In 1959, a few months before his death, Lanza (GaVoian) is giving a press interview in his dressing room between concert performances. Speaking directly to the theater audience as, GaVoian chronicles Lanza’s life in story and song.
The text, by GaVoian and director Joseph Fraley, touches the highlights: his boyhood in South Philadelphia, his experiences in the Army, his prodigious appetites for food and sex, his troubled marriage, the problems with obesity, the rise and fall of his film career.

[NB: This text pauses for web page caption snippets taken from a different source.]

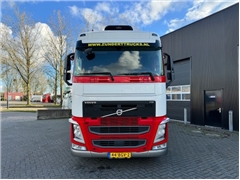 Volvo FH 500 GLOBETROTTER, 6X2, STANDCLIMA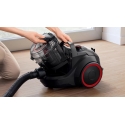 Bosch Serie 4 ProPower BGS21POW2 Canister vacuum cleaner Bagless 2 L Black Bosch Serie 4 ProPower BGS21POW2 Canister vacuum cleaner Bagless 2 L Black
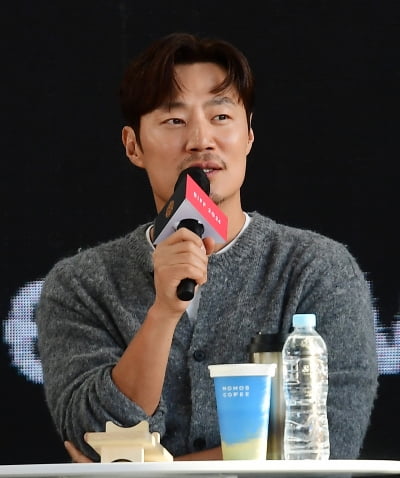 이희준, 콜롬비아에서 살사댄스도 배워[TEN포토]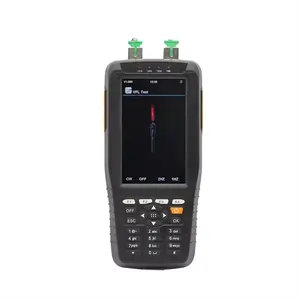 PON OPM Optical Power Meter with Multi Function VFL High-Precision Power Meter 10mW Laser Source medidor de potencia ftth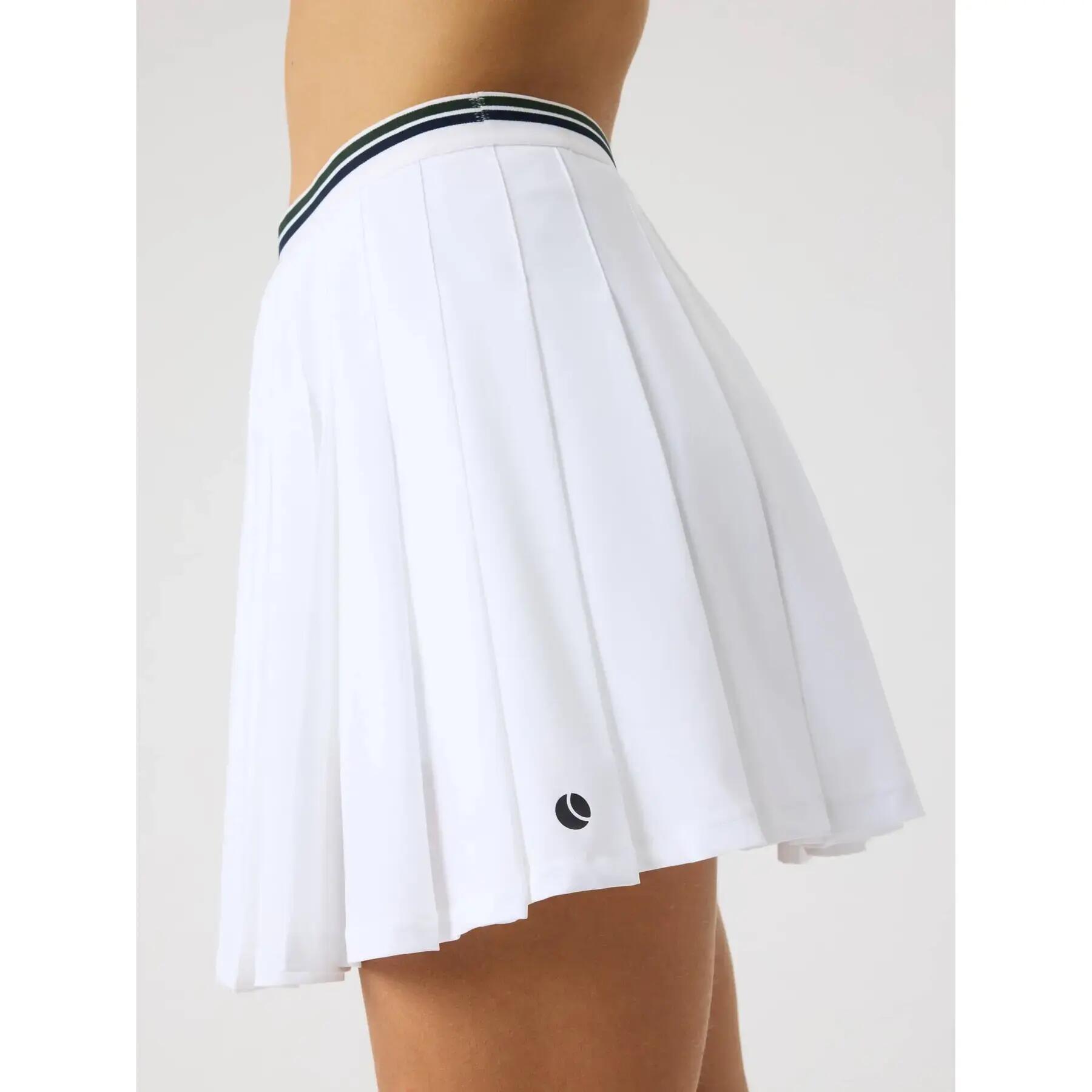 Gonna a pieghe da donna Björn Borg Ace 5/5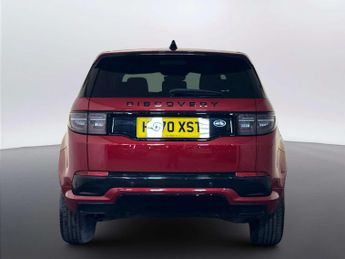Land Rover Discovery Sport 2.0 D200 MHEV R-Dynamic SE SUV 5dr Diesel Auto 4WD Euro 6 (s/s) 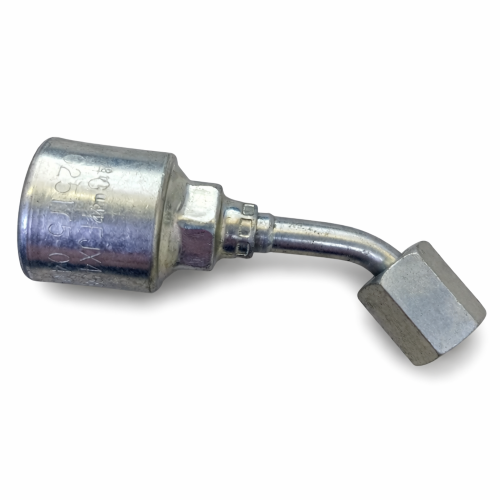 Imagen de CONEXION PER G 1/4 HEM JIC 37G 1/4 CODO 45G CORTO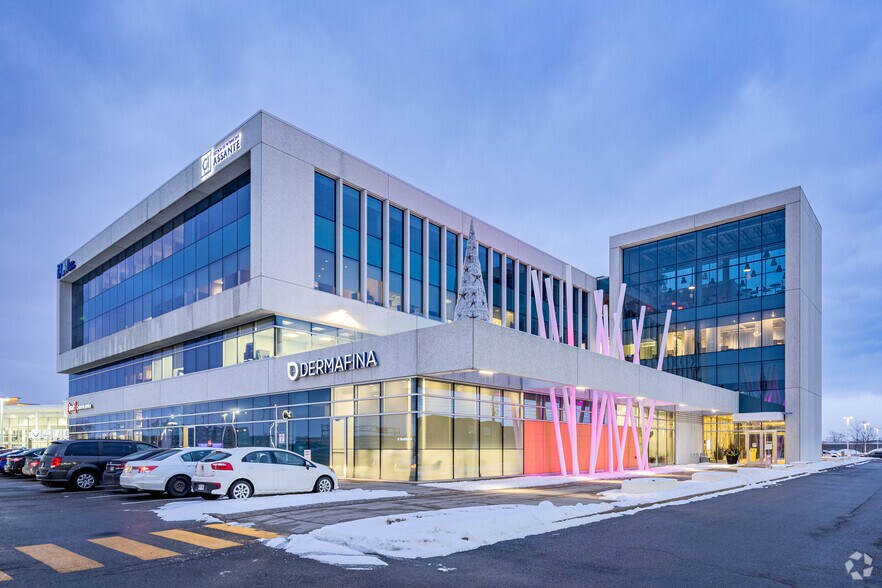 More Photos Of 2020 Rte Transcanadienne, Pointe-claire Office For Lease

However, despite the interesting revelation of Lanza’s fixation on Enrico Caruso and the veiled inference that gangster “Lucky” Luciano might have had a hand in his demise, one is no closer to knowing or understanding Mario Lanza at end than at the beginning.
GaVoian never becomes the larger-than-life man he is portraying. Under Fraley’s direction, he is allowed to wander nervously and, at times, aimlessly about the stage, and the dialogue stops when he eats, pours wine, puts on makeup , etc. But when the music starts, GaVoian certainly does honor Lanza’s reputation as an operatic tenor. He doesn’t try to duplicate Lanza’s lightness and soaring lyricism; GaVoian’s timbre is deeper and grittier. He is a dramatic tenor and actually might outdo Lanza in his ability to communicate the darker undertones of the operatic material: Puccini’s “E lucevan le stelle” from “Tosca” and the wrenching “Vesti la giubba” from Leoncavallo’s “Pagliacci.”
The dressing room set design by Victoria GaVoian and Robert E. Fraley is decorative but not very serviceable: The actor keeps having to turn his back on the audience to conduct much of his onstage business. And the uncredited sound design could use some adjustment.